L’operazione compiuta dagli showrunner ha diviso profondamente sia il pubblico che la critica, al punto che stereotipicamente oggi si asserisce che Lost “o si ama o si odia”. Alcuni si sono concentrati sulla storia dei personaggi ed hanno rinvenuto nella trattazione verticale (seppure il livello di questa fosse calato vertiginosamente nelle ultime 3 stagioni) una completezza che in effetti non si può definire non apprezzabile; altri invece (fra cui, è evidente, il sottocritto) sono rimasti sconcertati dalla totale inconsistenza (ed in definitiva, inutilità, se non per creare un fondale dipinto in modo troppo elaborato a quelle vicende verticali di cui sopra) della trama orizzontale di fondo, che costruiva intorno ad un’isola misteriosa una mitologia ed una cosmologia impossibili da spiegare o da riassumere coerentemente.
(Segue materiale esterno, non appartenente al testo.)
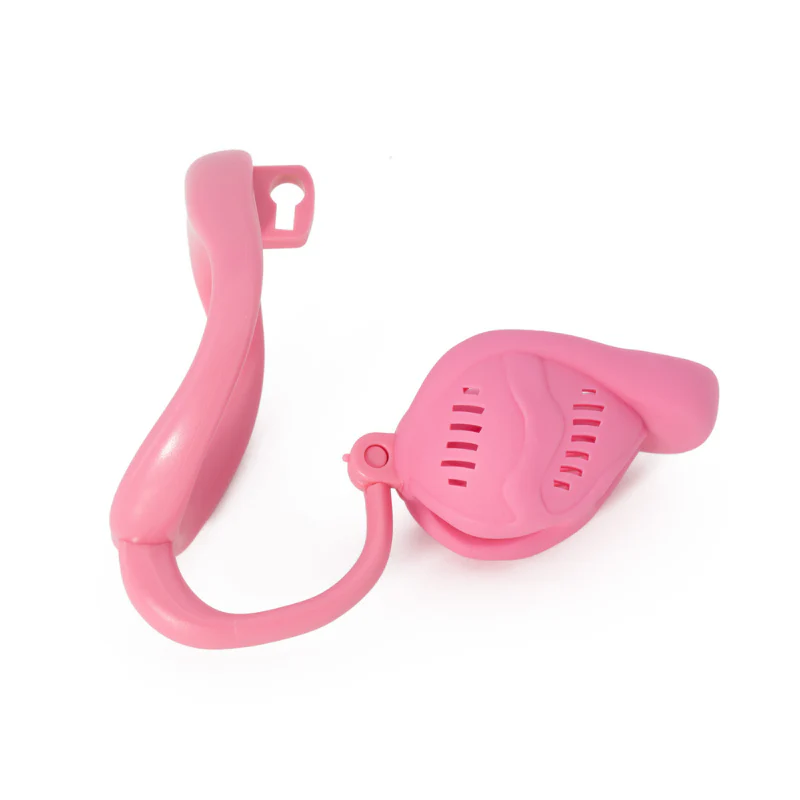 The Sissy Torment: Pink Resin Cock Cage With Ball Separator - Image 5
Gusti personali a parte, innegabile fu però la completa mancanza di rispetto degli showrunner verso i propri spettatori. L’hype di Lost e la gran parte dei suoi fan erano stati guadagnati dalla formula della sfida allo sceneggiatore: quella promessa di spiegare il tutto, tramite indizi minuziosamente nascosti in ogni episodio (e ogni volta scovati, ma rivelatisi nell’economia finale del racconto totalmente inutili e non collegati o collegabili affatto fra loro), non è stata mantenuta, dando vita ad un accesissimo dibattito che monopolizzò il mondo seriale nell’anno 2010.
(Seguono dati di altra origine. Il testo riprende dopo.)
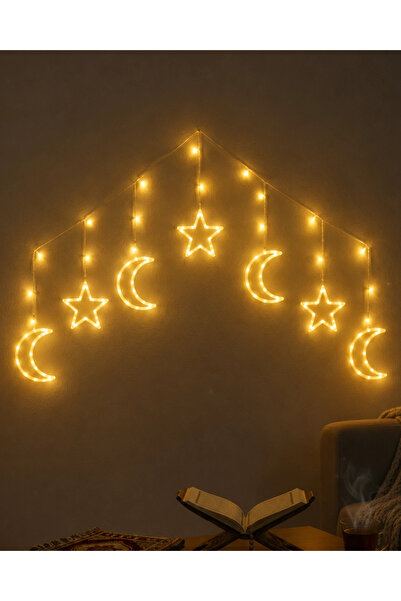 Epilons مصباح رمضان LED مزخرف بتصميم نجمة القمر باللون الأبيض الدافئ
Una sorta di maliziosa pubblicità ingannevole che avvicinò lo spettatore ad una serie che non poteva fare a meno di affascinare per la cura così profonda della propria fattura (a paragone con la serialità tipica di ormai 10 anni fa), ma contestualizzata all’interno di un’operazione sostanzialmente fraudolenta che risulta ancora oggi assolutamente imperdonabile.